=== EXERCISE DETAILS ===
When you copy from the entries that follow, take only the lines from the one with "Ho Ho Ho Funny" down to the one with "Astrid Strapless Back Tie Top - Blush Pink", keeping both ends and dropping every picture.

=== ENTRIES SUPPLIED ===
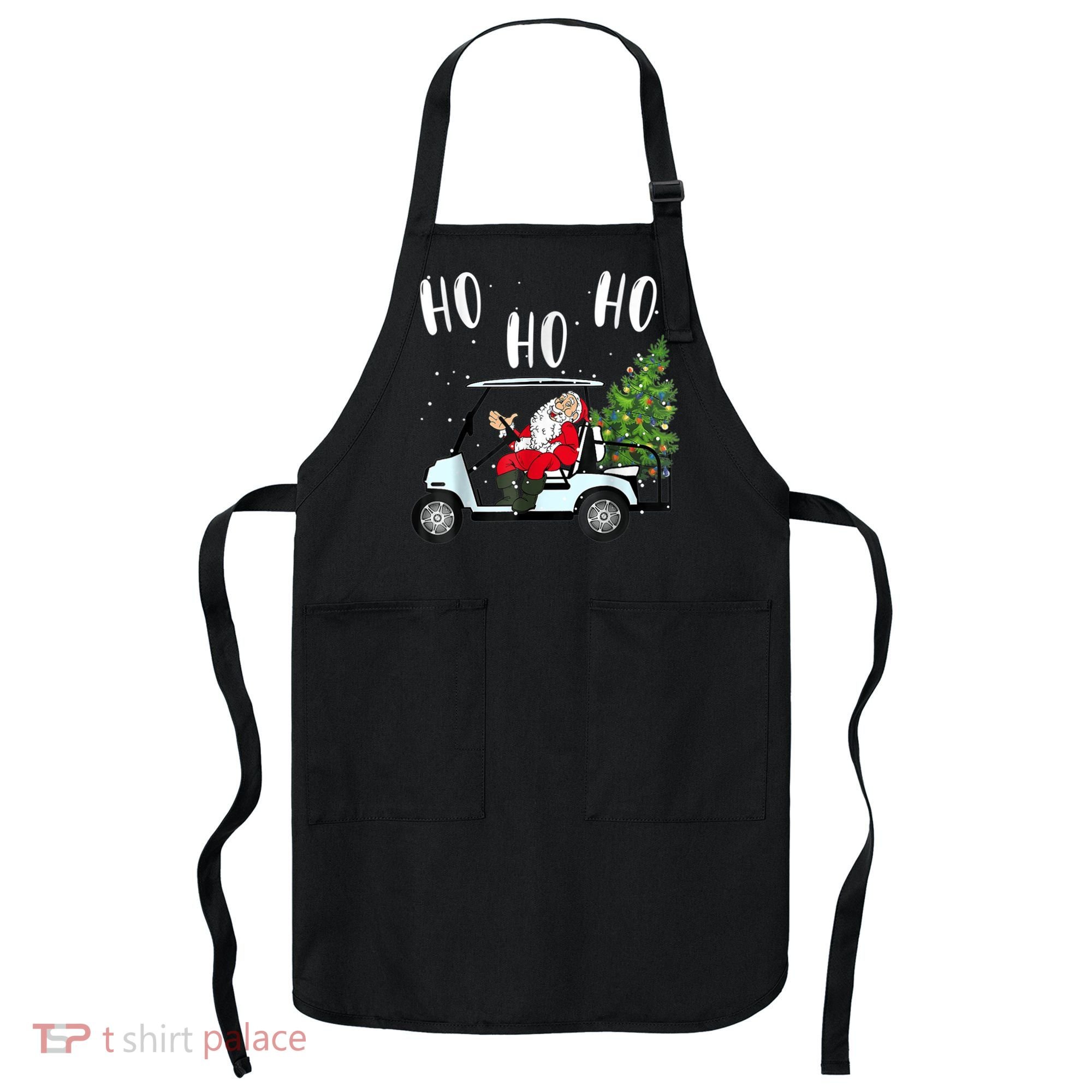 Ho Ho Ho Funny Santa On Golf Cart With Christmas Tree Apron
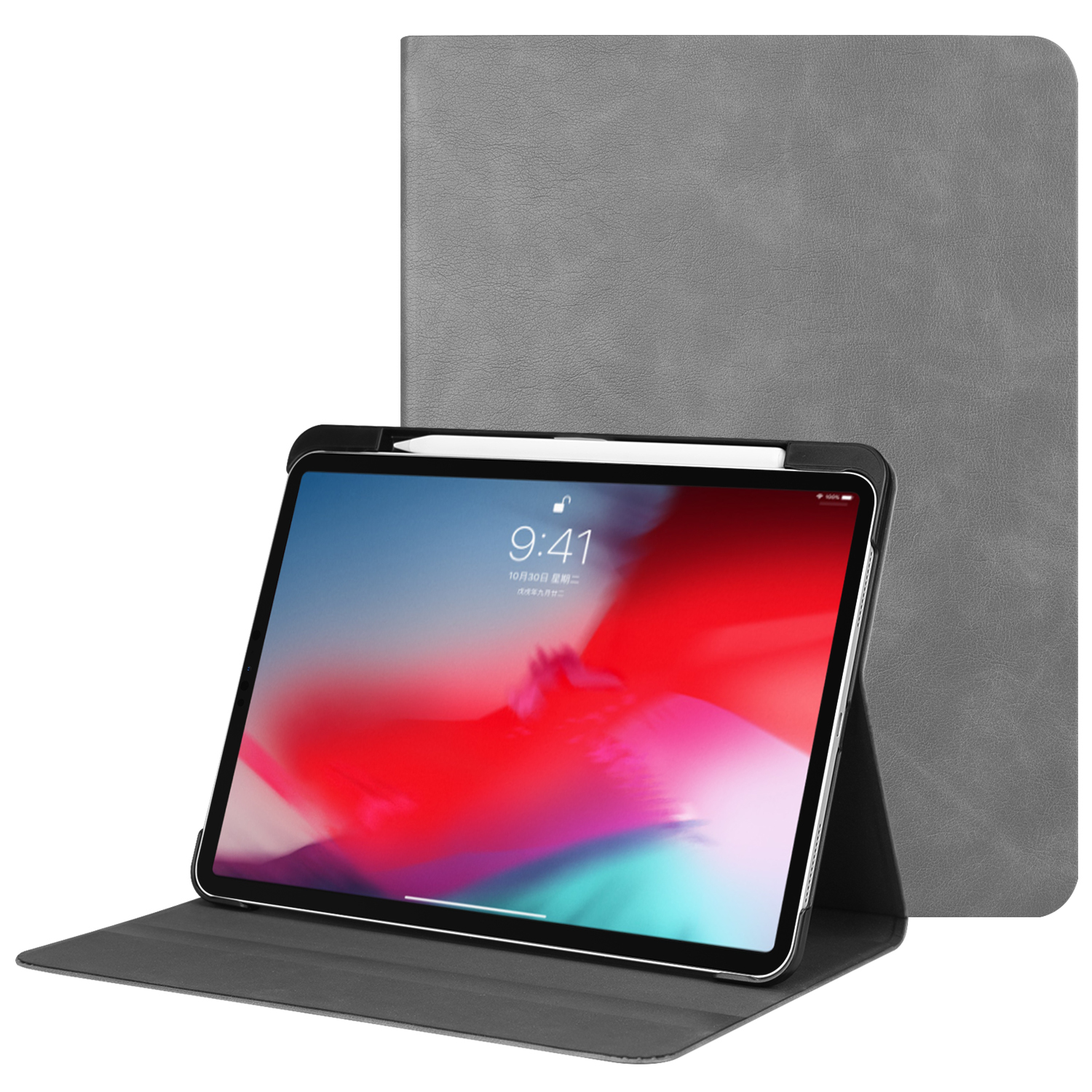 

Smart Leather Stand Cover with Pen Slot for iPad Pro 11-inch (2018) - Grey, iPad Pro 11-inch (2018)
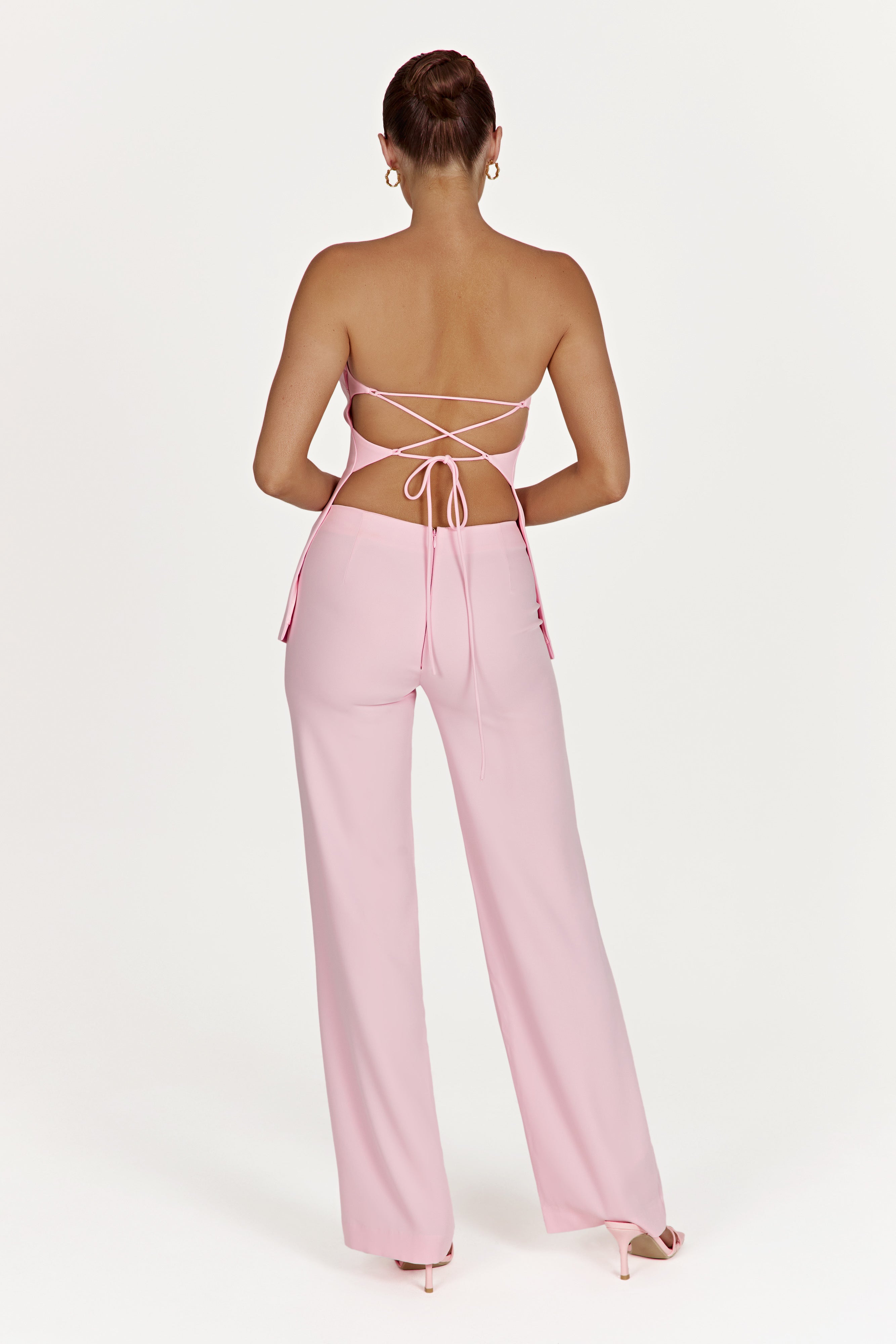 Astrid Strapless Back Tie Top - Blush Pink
...
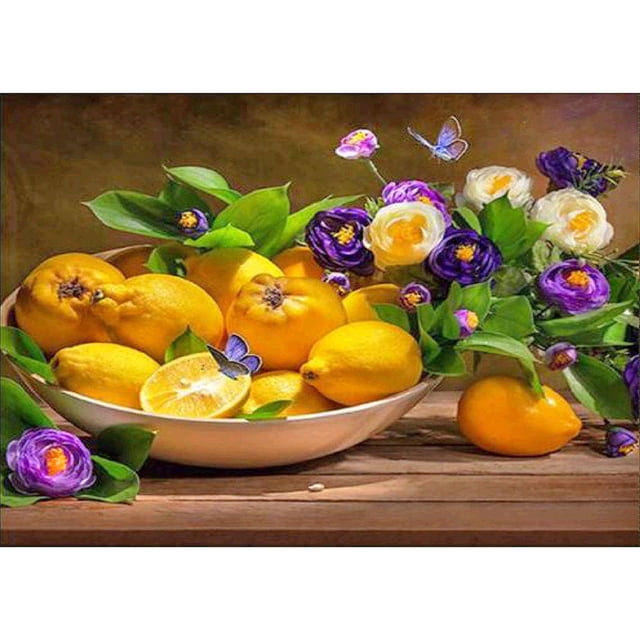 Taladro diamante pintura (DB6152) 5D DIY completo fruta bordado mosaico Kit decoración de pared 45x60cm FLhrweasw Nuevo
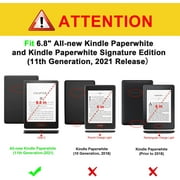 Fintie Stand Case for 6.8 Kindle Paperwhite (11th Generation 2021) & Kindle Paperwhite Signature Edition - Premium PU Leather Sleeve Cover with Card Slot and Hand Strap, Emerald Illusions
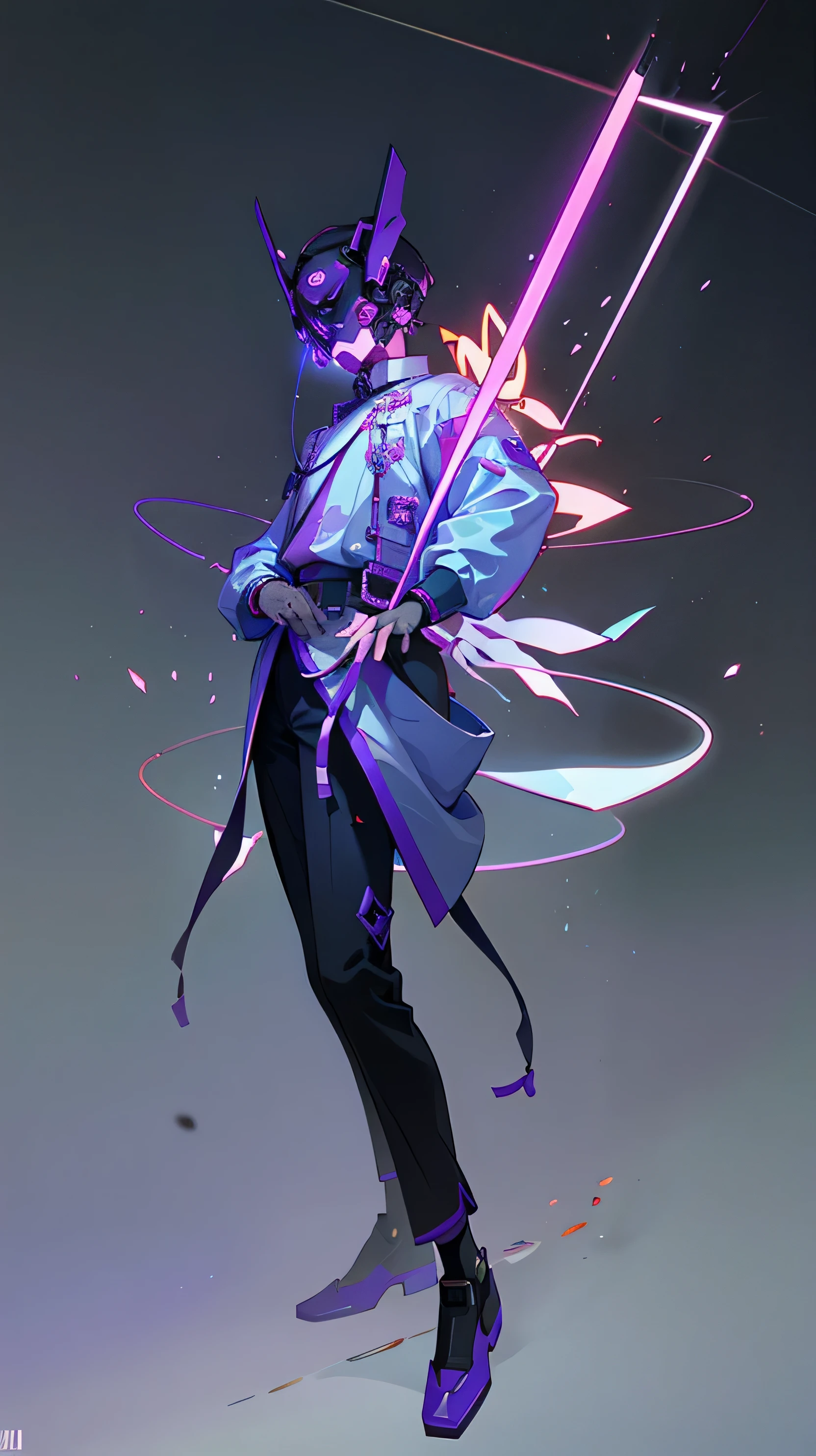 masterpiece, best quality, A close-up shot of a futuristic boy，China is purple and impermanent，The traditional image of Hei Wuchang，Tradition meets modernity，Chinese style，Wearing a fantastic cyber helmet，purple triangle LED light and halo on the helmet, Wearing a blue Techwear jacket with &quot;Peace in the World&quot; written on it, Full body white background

=== TASK ANSWER ===
 Ho Ho Ho Funny Santa On Golf Cart With Christmas Tree Apron

Smart Leather Stand Cover with Pen Slot for iPad Pro 11-inch (2018) - Grey, iPad Pro 11-inch (2018)
 Astrid Strapless Back Tie Top - Blush Pink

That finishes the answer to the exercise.